Normal people cringe when they hear the word “statistics” (or they slip into a glassy-eyed stupor). I think it’s a very exciting subject that, for the most part, gets a bad rap. Mark Twain decried, “There are lies, there are damn lies, and then there are statistics!” He was talking about polling data, which can be highly subjective. A pollster can design a poll to say whatever he wants it to say depending on how he phrases a question. But to an investor (or a baseball fan) statistics are a vital component of our analytical toolbox, especially if we’re measuring absolute data, like the daily closing price of an index or the number of hits a player gets in a baseball game. These data points help us to assess past performance and gives us an idea of the possible outcomes the future can hold.
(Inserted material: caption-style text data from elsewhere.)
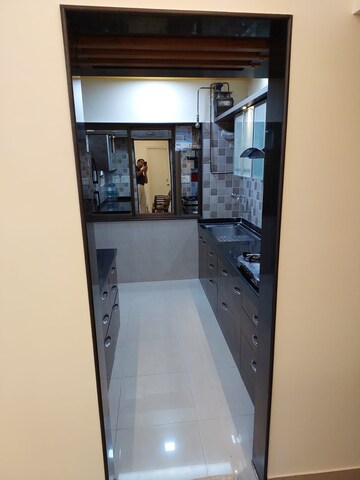 Kitchen in 2 BHK Apartment at Hyde Park Galaxy, Manpada – for Sale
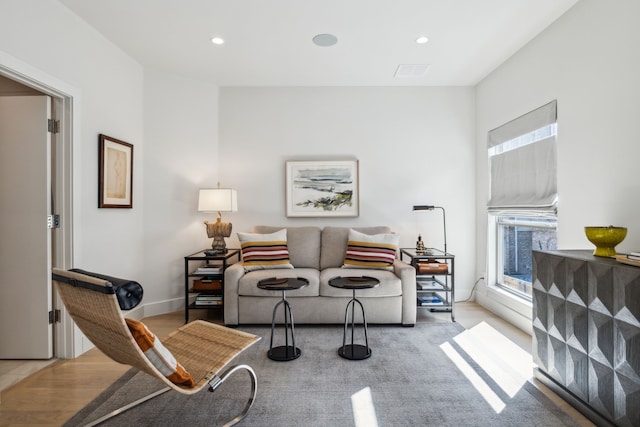 3645 Reagan St, Dallas, TX 75219 - sitting room with wood finished floors, recessed lighting, and baseboards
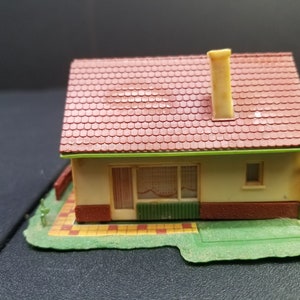 May include: A small, plastic model of a house with a red roof, white walls, and green trim. The house has a chimney and a small yard with a green lawn and a brown brick patio.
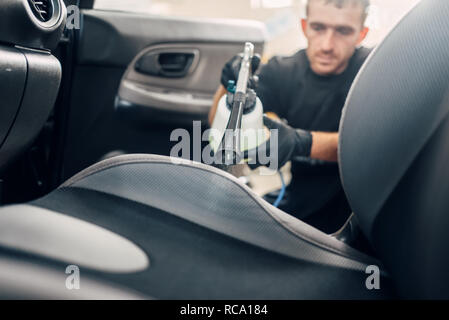 Professional dry cleaning of car interior. Carwash service, worker using spray Stock Photo
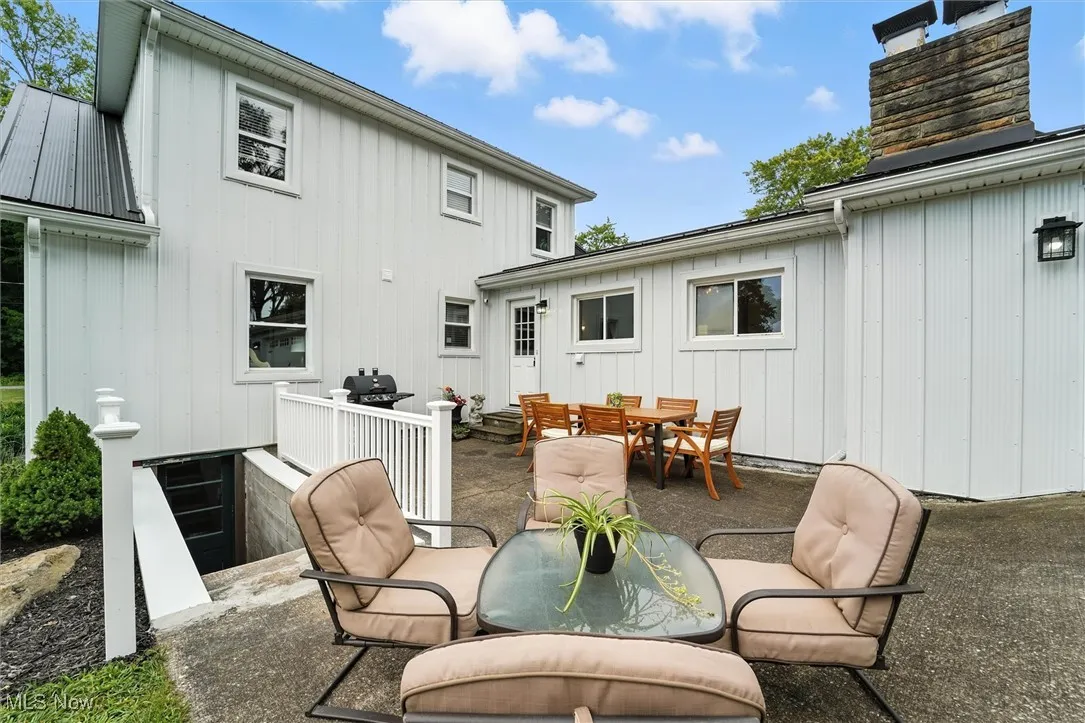 Rear view of property with outdoor dining space, a patio, and board and batten siding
This helps wealth managers determine which indices would make good portfolio components and it helps baseball teams determine which players they will offer a lucrative contract.

All you need to know about statistics and investing can be summed up as follows:

The average is the midpoint of all the returns that are measured over a period of time. In other words, half of the results measured will be higher than the average and half of the results will be lower than the average. For example, the annualized return for the Dow Jones Industrial Average (DJIA) since September of 1987 was 8.07% (source: Dow Jones Indexes). This takes into account the crash in October of that year, which was the single largest one month decline of -23%, and our recent performance through March of 2009. As we all know, that doesn’t mean that each year the DJIA plugged along linearly at 8.07% per year. That brings us to our next critical statistical concept, which is standard deviation.

Standard deviation measures the variability of the returns used to compute the average. For the past five calendar years, the DJIA has returned 8.92%, 6.31%, 14.84%, 11.78% and -35.90% in 2008. The standard deviation for the DJIA since September of 1987 through March of 2008 was 15.61% (source: Dow Jones Indexes).

If we have an average rate of return and a standard deviation, we can develop expectations for future performance. If you took the average rate of return for the DJIA (8.07%) and added its standard deviation (15.61%), and then subtracted the standard deviation from the average, this range of possible returns would account for 67% of the likely outcomes for that index. In other words, in two out of three years, the return of that index would be between -7.54% and 23.68% ( 8.07% – 15.61% and 8.07% + 15.61%). If you wanted to account for 95% of the likely outcomes, you could add and subtract two standard deviations to the average, which would give us a possible range of returns between -23.21% and 39.29%. To get 99% certainty for the range of possible outcomes, we would add and subtract three standard deviations above and below the average, which would give us a possible range of returns between-38.82% and 54.90%. This range of outcomes is known as the bell curve or a normal distribution.

I use this concept to design portfolios for my clients. Each asset class has its own risk/return profile. When we blend different asset classes we optimize the likelihood of a favourable long-term result while minimizing volatility over the long-term. Outcomes like what we experienced in 2008 are rare but possible (as we have already figured out). The likelihood of realizing that extreme of an outcome (three standard deviations below the average annual return) two years in a row are, thankfully, highly improbable. I can’t predict what the DJIA is going to do over the next five minutes, but I am highly confident that the probability for good results over the next five years and beyond are quite reasonable.